An alternative would be to put every thing in a mpd so no further dependencies are needed, but that needs additional coding on the site serving the canvas script (a.g. attach a model to a post will automatically generate a (potential gigantic) standalone mpd). But if the server needs to do this, it could just as easily generate a png or something instead using e.g. a custum ldview version.

Just my 2cts
Re: that solution will also work for pad computers
#11
On the parts angle, I don't think it would be that bad. Parts are already HTTP accessible from LDraw.org, although I doubt it's set-up to handle this kind of load.

An app can cache the parts using one of the several HTML5 storage options, as well as using HTTP caches. Additionally, parts average 10k each and subparts average 5k (very compressible). Include procedurally-generated subparts (a la LDView), and I would consider this reasonable downloads.

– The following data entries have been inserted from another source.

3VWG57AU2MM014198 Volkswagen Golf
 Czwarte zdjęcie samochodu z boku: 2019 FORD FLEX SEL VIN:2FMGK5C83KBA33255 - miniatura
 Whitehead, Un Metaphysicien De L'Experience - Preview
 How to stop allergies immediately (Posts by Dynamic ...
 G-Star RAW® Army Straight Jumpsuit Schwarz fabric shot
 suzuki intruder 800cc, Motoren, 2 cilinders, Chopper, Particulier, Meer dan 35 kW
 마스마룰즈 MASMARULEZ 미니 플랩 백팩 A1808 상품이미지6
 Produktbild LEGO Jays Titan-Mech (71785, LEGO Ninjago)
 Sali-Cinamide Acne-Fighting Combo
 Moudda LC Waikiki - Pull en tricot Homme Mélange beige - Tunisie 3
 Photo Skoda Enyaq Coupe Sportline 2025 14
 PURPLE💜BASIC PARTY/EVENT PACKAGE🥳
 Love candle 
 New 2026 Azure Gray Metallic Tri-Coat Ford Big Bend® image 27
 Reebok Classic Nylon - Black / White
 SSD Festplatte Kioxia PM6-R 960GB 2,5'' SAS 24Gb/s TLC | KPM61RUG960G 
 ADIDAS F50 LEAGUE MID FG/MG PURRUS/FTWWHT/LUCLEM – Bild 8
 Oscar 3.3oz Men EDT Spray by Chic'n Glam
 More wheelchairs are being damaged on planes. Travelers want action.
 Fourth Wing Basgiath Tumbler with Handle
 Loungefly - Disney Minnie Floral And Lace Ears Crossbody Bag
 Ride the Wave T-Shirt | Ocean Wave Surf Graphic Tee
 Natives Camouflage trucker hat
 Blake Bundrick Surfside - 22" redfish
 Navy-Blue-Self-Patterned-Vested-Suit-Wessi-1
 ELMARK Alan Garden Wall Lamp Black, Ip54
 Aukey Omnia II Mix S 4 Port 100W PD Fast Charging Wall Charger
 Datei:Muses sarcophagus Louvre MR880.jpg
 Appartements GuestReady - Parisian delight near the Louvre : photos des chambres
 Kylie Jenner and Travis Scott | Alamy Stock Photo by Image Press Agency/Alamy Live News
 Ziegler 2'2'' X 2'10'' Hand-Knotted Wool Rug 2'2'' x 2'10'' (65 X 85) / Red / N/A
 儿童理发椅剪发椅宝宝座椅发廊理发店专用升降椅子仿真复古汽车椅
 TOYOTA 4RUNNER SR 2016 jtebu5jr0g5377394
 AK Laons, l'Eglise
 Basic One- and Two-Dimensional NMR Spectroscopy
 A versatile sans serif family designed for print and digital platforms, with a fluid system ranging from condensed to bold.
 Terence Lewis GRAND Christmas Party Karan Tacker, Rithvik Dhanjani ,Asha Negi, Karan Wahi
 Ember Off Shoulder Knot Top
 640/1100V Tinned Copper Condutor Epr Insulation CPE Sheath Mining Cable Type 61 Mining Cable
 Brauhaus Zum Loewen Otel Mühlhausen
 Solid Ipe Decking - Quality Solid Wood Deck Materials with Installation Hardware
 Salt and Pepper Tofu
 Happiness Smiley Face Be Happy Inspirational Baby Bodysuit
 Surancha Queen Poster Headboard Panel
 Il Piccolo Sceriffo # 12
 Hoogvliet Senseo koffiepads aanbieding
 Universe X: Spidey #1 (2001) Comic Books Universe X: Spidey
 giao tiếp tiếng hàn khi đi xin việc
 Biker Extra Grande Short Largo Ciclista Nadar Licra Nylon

As for the speed of JavaScript, Chrome and Firefox are both JIT compiling now, so it should be comparable in speed to Java.
Re: that solution will also work for pad computers
#12
Jamie B. Wrote:
-------------------------------------------------------
> As for the speed of JavaScript, Chrome and Firefox
> are both JIT compiling now, so it should be
> comparable in speed to Java.

I was more thinking about the canvas speed, I haven't done much on this subject lately so I don't know if you can easily get a fully hardware accelerated OpenGL context.
WebGL in action in a similar application
#13
you can construct a robot, first from basic parts, then add smaller ones,
colorize it, apply stickers etc.

http://www.chromeexperiments.com/detail/...n/?f=webgl

here are more WebGL demos
http://www.chromeexperiments.com/webgl

I think that all major browsers will soon have that technology & performance
http://en.wikipedia.org/wiki/WebGL
Re: that solution will also work for pad computers
#15
Roland Melkert Wrote:
-------------------------------------------------------
> I was more thinking about the canvas speed, I
> haven't done much on this subject lately so I
> don't know if you can easily get a fully hardware
> accelerated OpenGL context.

WebGL is exactly that. While function calls won't be as fast as C, the hard work is done by hardware.

For practical tests, try http://lawriecape.co.uk/threejs/webGL.html. On my puny little chromebook, it clocks in at 5-7FPS. (I consider this acceptable for a web viewer.)
Re: that solution will also work for pad computers
#14
Jamie B. Wrote:
-------------------------------------------------------
> On the parts angle, I don't think it would be that
> LDraw.org, although I doubt it's set-up to handle

I ask that this not be tried for the reason above. Our web space is donated by Peeron and I don't want to increase Dan's traffic.